Abraham was immediately withdrawn for Olivier Giroud but if Lampard was already exasperated at that point, it soon got worse, as Paul Pogba unlocked the Chelsea defence with a gorgeous through ball over the top for Rashford to race onto and finish. Daniel James, the least expensive of United’s three summer acquisitions, earned himself a debut goal at the Stretford End, applying a rather fortuitous finish to a rampaging move started by Pogba deep inside his own half.

In each instance, Chelsea’s players were caught out of position too high up the pitch, leaving an ocean of space for Solskjaer’s pacy forward line to rumble into.
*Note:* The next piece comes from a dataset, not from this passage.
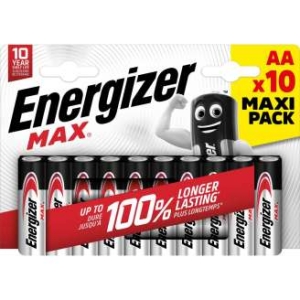 BATERIA ENERGIZER MAX AA E92 10 SZT.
It’s hard to tell whether the defending was that bad or the movement and precision of the attacks that good, but it’s clear that of the two teams, United were the more organised, disciplined and better drilled. Counter-intuitively, that also made them the more entertaining to watch, too. The final scoreline, 4-0, is probably a touch flattering, but that’s just how it goes. Welcome to the Premier League, Frank.

With both clubs in transition phases and attempting to build something sustainable around a younger, British core, it wasn’t really a fair fight given the big money signings one side has made and the fact that the other couldn’t sign anyone, along with losing their best player to Real Madrid. Any contrast was made starker because of that.

Even so, and despite their two bitter rivals, Manchester City and Liverpool, seemingly operating on a different plane to every other team in the league, Manchester United will be encouraged by this start to the campaign. There’s a hungry, ambitious young team here. That identity must hold now if they are to return to former glories.